Venture Capital, In-Kind Distributions, and Registered Investment Advisors
Yesterday’s post was about in-kind distributions that venture capital (VC) funds make to their limited partners (LPs). A friend pointed out that some larger funds, such as Sequoia, A16Z, Thrive, and a few others, may be focusing more on making in-kind distributions to their LPs. These and other firms are starting to become registered investment advisors (RIAs), which my friend assumes is related to making in-kind distributions. I’ve been reading about funds becoming RIAs, and I don’t think it’s related to making in-kind distributions to LPs.

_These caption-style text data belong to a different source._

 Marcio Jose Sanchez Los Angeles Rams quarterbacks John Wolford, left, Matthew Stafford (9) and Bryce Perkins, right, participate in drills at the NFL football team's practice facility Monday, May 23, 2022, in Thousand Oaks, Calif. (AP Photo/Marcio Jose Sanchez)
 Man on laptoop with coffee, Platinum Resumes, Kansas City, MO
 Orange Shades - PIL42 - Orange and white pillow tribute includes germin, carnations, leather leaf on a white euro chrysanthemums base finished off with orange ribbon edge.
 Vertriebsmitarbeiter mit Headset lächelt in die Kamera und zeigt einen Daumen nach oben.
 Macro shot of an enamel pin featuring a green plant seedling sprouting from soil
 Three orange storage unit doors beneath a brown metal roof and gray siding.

A VC fund that makes an early-stage investment in a company doesn’t need to be an RIA to do in-kind distributions. If one of the fund’s portfolio companies goes public or is acquired in a deal where some or all the purchase price is paid in stock of the acquiring company, the general partners can distribute that equity to their LPs. There may be reasons to wait to do so: for example, an IPO lockup period or wanting the acquirer’s equity value to increase before distributing stock to LPs. There are nuanced rules around VC funds holding a material percentage of fund assets in something other than private companies, but I won’t get into those details.
All the firms my friend mentioned are run by very smart people who have had a lot of success over several years. I don’t have any inside information on their strategic reasons for becoming RIAs, and I’m curious and plan to learn more. I wouldn’t be surprised if it’s related to their ability to invest in and hold a broader variety of assets for a longer period. Said differently, I wouldn’t be surprised if it allows them to expand their firms into areas outside traditional venture capital investing.